Pursuant to the act of the General Assembly, approved March 8, 1945 (Ga. L. 1945, p. 232), requiring that the whole court consider any case in which one of the judges of a division dissents, this case was considered by the court as a whole.
TOWNSEND, J. (dissenting). As to the first division of the opinion, I dissent because I believe that ground 1 of the amended motion for a new trial requires a reversal. Therein it is set out that the trial court charged the jury as follows: "Now, in this case, the State relies on what is known it relies in part on is known as the testimony of an accomplice." Thereupon the trial court proceeded to charge the jury in substance Code 38-121, which provides for the requirement of corroboration of the testimony of an accomplice. It is contended in the amended motion for a new trial that this charge was error in that it amounted to the expression of an opinion by the trial judge in his charge to the jury that a witness for the state was an accomplice of the defendant, Fred Hamby, and denied the jury the right to determine whether or not such witness was such an accomplice; that therefore said charge amounted to an expression of opinion by the trial judge in his charge to the jury that Fred Hamby participated in the crime of which he was charged and for which he was on trial, with the State's witness; that all this was a violation of Code 81-1104 which forbids the trial court to express an opinion as to what has been proved or as to the guilt of the accused in a criminal case and which requires the appellate courts of this State to reverse the case for a new trial where such error is assigned. The case here, therefore, should turn solely on the question of whether or not the trial judge expressed such an opinion when he charged the jury that "in this case the State relies on what is known as the testimony of an accomplice." From the record it appears that Robert Junior Chambers was jointly indicted with the defendant. It further appears that Robert Junior Chambers was the principal witness for the State. He admitted in his testimony that he burned the buildings in question. He swore that the defendant procured him to do so. All this was denied by the defendant. Thus an issue for the determination of the jury was made as to whether or not Robert Junior Chambers was an accomplice of the defendant. The charge of the court, in my opinion, does not leave this question for the determination of the jury. On the other hand, it is my opinion that the judge in no uncertain terms informed the jury that Robert Junior Chambers was an accomplice of the defendant when he told the jury that "in this case, the State relies on what is known as the testimony of an accomplice."

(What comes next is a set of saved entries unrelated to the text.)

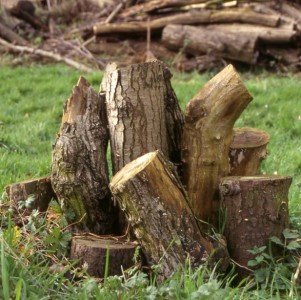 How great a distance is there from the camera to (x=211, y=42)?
1062 centimetres

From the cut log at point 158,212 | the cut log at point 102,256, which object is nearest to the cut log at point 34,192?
the cut log at point 102,256

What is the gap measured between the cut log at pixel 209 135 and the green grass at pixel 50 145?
0.60 meters

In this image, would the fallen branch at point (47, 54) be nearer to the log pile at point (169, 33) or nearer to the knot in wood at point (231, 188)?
the log pile at point (169, 33)

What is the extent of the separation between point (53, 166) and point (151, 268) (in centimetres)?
85

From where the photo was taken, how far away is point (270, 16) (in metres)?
10.8

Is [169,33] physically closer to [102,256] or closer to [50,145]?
[50,145]

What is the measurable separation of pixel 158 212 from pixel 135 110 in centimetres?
68

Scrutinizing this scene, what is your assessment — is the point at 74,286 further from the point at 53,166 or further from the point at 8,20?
the point at 8,20

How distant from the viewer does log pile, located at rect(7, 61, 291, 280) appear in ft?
12.4

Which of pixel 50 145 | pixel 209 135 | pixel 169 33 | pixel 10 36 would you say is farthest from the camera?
pixel 10 36

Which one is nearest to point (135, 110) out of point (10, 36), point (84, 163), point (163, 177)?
point (84, 163)

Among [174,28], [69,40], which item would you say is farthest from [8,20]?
[174,28]

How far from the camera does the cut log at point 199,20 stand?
10805mm

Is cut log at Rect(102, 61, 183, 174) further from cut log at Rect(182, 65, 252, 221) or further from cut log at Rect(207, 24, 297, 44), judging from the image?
cut log at Rect(207, 24, 297, 44) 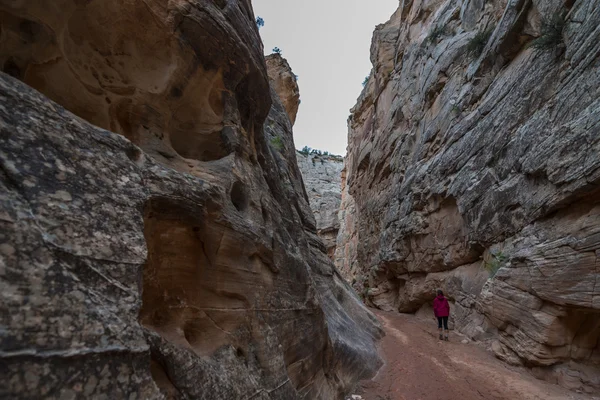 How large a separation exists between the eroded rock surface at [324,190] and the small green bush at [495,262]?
37.0m

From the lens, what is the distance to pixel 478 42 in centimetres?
1425

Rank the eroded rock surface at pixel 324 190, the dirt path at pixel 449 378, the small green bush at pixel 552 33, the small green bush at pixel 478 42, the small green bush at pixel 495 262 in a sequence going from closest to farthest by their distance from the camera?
the dirt path at pixel 449 378
the small green bush at pixel 552 33
the small green bush at pixel 495 262
the small green bush at pixel 478 42
the eroded rock surface at pixel 324 190

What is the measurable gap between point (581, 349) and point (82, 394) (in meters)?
10.3

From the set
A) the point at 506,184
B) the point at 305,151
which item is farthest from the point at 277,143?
the point at 305,151

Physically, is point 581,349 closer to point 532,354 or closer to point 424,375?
point 532,354

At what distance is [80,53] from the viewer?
4.45 m

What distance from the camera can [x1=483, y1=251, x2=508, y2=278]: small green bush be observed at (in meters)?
9.55

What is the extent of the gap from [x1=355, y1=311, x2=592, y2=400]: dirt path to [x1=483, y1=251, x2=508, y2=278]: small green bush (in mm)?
2719

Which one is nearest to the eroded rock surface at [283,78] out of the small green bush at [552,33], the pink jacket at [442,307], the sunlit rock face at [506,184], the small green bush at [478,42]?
the sunlit rock face at [506,184]

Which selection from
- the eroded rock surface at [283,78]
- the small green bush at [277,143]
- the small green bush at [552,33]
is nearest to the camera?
the small green bush at [552,33]

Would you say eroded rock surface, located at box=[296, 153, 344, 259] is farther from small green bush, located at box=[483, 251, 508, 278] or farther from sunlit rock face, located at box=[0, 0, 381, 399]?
sunlit rock face, located at box=[0, 0, 381, 399]

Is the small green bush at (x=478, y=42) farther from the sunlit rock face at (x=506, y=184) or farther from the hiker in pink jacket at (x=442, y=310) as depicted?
the hiker in pink jacket at (x=442, y=310)

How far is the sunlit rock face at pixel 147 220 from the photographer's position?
212 centimetres

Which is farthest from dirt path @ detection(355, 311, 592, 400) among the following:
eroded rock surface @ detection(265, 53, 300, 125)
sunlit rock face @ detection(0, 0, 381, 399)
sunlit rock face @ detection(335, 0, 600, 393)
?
eroded rock surface @ detection(265, 53, 300, 125) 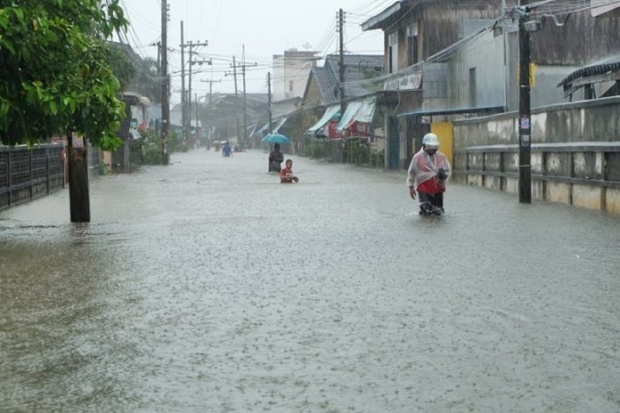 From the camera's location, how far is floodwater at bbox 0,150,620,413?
5.91 meters

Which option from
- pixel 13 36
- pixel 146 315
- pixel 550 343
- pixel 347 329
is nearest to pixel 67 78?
pixel 13 36

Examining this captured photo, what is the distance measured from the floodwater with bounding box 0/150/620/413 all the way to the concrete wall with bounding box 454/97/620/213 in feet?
8.99

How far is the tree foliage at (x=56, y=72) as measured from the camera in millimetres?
12906

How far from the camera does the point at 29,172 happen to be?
2448 centimetres

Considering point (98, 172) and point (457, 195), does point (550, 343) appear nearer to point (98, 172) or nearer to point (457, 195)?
point (457, 195)

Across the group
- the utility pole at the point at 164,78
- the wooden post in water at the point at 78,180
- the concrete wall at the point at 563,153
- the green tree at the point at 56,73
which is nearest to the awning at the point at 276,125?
the utility pole at the point at 164,78

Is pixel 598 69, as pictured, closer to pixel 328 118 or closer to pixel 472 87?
Result: pixel 472 87

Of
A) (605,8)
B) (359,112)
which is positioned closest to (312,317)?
(605,8)

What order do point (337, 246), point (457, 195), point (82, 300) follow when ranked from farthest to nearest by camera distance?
point (457, 195)
point (337, 246)
point (82, 300)

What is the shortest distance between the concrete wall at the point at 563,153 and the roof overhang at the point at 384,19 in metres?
17.1

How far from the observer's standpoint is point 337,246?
45.4 feet

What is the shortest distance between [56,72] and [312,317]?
7024mm

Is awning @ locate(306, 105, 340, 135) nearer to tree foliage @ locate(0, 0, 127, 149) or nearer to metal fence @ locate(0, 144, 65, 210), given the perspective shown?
metal fence @ locate(0, 144, 65, 210)

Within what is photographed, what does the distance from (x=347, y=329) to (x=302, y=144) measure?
83185 mm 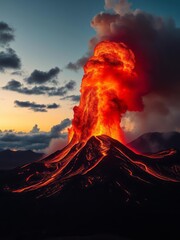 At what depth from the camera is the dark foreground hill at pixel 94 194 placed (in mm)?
61750

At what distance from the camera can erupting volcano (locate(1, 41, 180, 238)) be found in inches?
2608

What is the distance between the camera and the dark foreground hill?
6175 centimetres

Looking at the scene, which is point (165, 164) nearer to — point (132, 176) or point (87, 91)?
point (132, 176)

The following charges have been held reversible error: "The witness, 'having been convicted, is an accomplice as a matter of law.' " Sellers v. State, 41 Ga. App. 572 (153 S. E. 782). " 'One of the witnesses testified in this case to having worked at this still for this defendant, and that, under the law, constitutes what is known as an accomplice.' " Demonia v. State, 69 Ga. App. 862 (27 S. E. 2a, 101). " 'I charge you as a matter of law that the codefendant, L. C. Moffett, a witness for the State, is an accomplice so far as your consideration of his testimony is concerned.' " Middleton v. State, 72 Ga. App. 818 (35 S. E. 2d, 317). " 'Charles McDonald of course admits he is an accomplice. He has filed a plea to this crime; and he being an accomplice in the case of a partner with the defendant, and having admitted to have been there, you would not be authorized to convict James Pope Kryder on the testimony of McDonald alone.' " Kryder v. State, 57 Ga. App. 200 (194 S. E. 890). " 'I believe it is admitted in this case that Tommy Lyons was an accomplice.' " Golden v. State, 45 Ga. App. 501 (165 S. E. 299). " 'Now, you are to determine, gentlemen, whether or not he is an accomplice. He denies having anything to do with the commission of this offense himself; he states that he had nothing to do with it, and was not an accomplice.' " Suddeth v. State, 112 Ga. 407 (37 S. E. 747).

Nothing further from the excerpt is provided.